Gli organismi di controllo sono solo strumenti di potere. La presenza pubblica può creare un circuito virtuoso

Se i banchieri badano al tesoretto

Va bene. È ora inevitabile affidare a Mario Monti – speriamo per il tempo più breve possibile – l’esecuzione di provvedimenti urgenti per impedire il crollo politico-economico dell’Italia.
Certo, poi, il governo assolve al compito con malagrazia: l’arroganza di Elsa Fornero su pensioni di anzianità e femminili (e ora si appresta a fare altrettanto sui redditi garantiti credendo di abitare a Copenaghen invece che nel Paese di Napoli e Roma) provoca disgregazione sociale non necessaria.
Altri cedimenti invece demagogici determinano fughe di capitali quando più servirebbero investimenti.
Svuotare la sovranità popolare produce simili effetti. Ora si tratta però di far sì che questo nuovo governo Badoglio, etero-diretto ma finalizzato a ricostruire la democrazia, non diventi un esecutivo Facta, cioè preambolo di avventure.
La prima sfida è temperare la prepotenza dei supertecnici e di chi li ispira. Se si rapinano le vecchiette per consolidare il sistema bancario, bisogna comprendere che gli effetti sull’opinione pubblica possono essere devastanti.

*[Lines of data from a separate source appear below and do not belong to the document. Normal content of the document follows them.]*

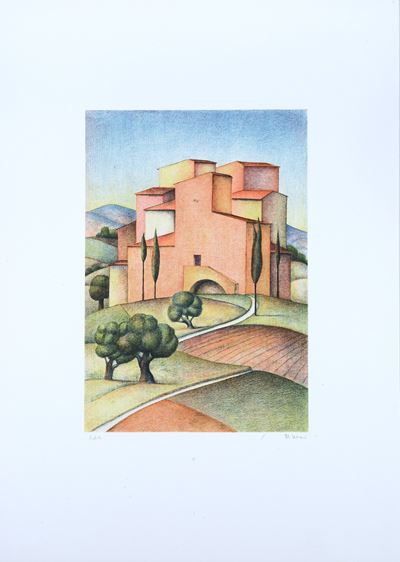 Paesaggio, litografia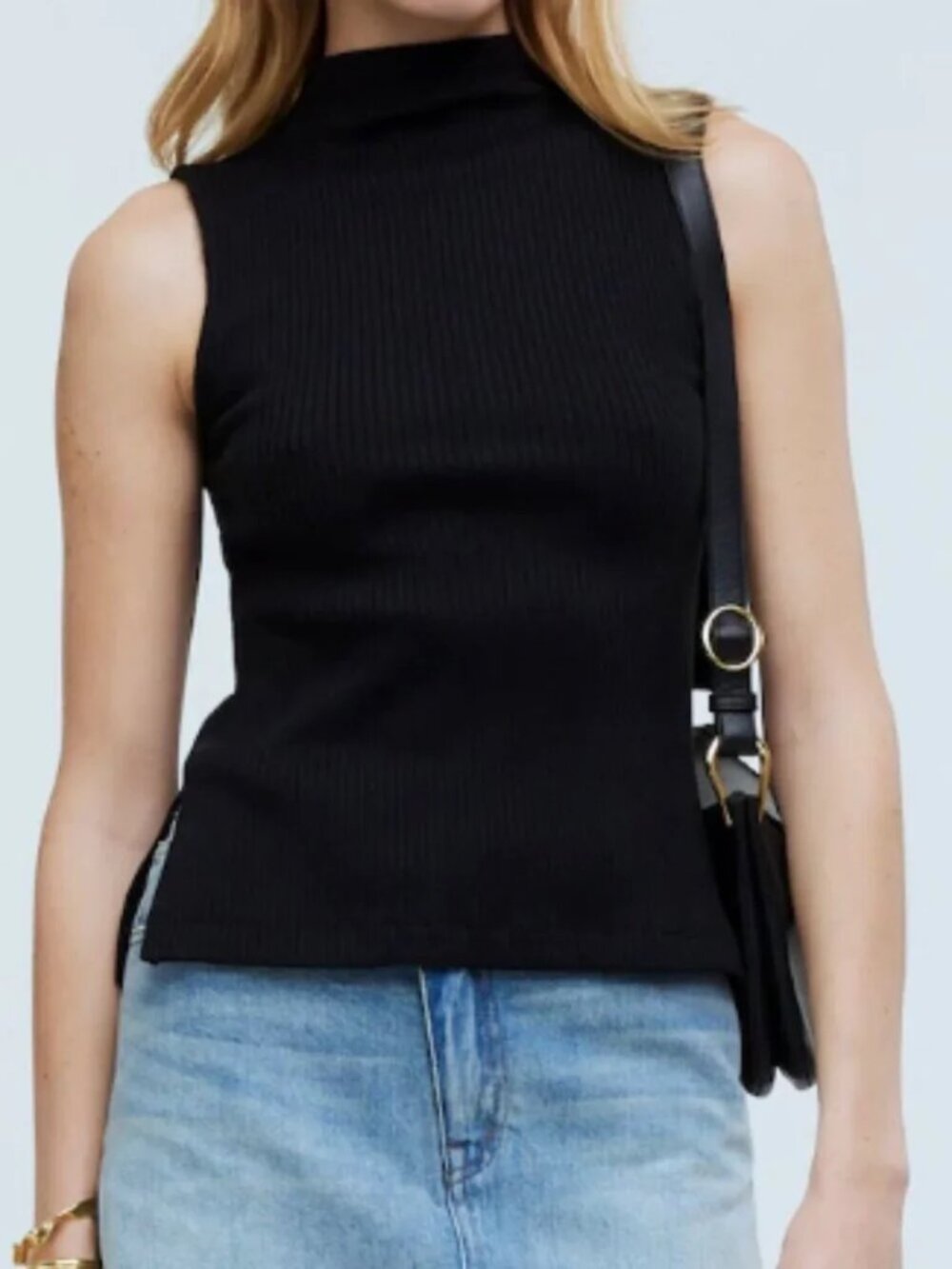 NWT Side Slit Mock Neck Tank, Black (Size M)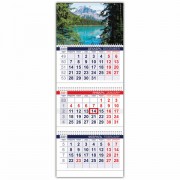 Календарь квартальный с бегунком, 2021 год, 3-х блочный, 3 гребня, 'ОФИС', 'Горное озеро', HATBER, 3Кв3гр3_23500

Qualsiasi persona di buon senso sa che se falliscono le banche, il disastro non si limita agli uomini della finanza.
Però in tanti non sono disposti a tollerare sacrifici indirizzati non solo a salvare l’economia, ma anche sistemi di potere apparsi largamente nocivi.
La Seconda Repubblica è segnata dallo strapotere di due soggetti quasi irresponsabili: magistratura e grandi banche.
Queste ultime in larga misura poggiano la governance su istituzioni - le fondazioni bancarie, non per nulla nate col governo praticamente tecnico Amato sulla base di emergenze reali come le crisi di istituti tipo Banco di Napoli, ma gestite nell’irresponsabilità politica e dunque con le soluzioni peggiori – che hanno fallito i loro obiettivi: non solo deprimono i sostegni - il loro scopo sociale - a un welfare integrativo, ma sorreggono un sistema di credito dove al posto di fantastiche casse di risparmio che affiancavano le piccole e medie imprese, a efficacissimi mediocrediti, a banche d’affari eccellenti, a centri studi formidabili, a istituti che primeggiavano all’estero, vi sono banche in cui dominano speculazione, rendita urbana, infrastrutture gestite in modo oligopolistico.
Alla fine la principale specializzazione della parte egemonica del sistema fondazioni-grande banche è diventata l’acquisizione di potere: prima attraverso i giornali, poi persino con Confindustria e ora anche con il governo.
In una situazione in cui il rapinare le vecchiette e il tradire i patti con i propri concittadini consente scelte brusche sarebbe opportuno pensare a operazioni straordinarie sul patrimonio di fondazioni che privatistiche nella forma raccolgono patrimoni eminentemente pubblici.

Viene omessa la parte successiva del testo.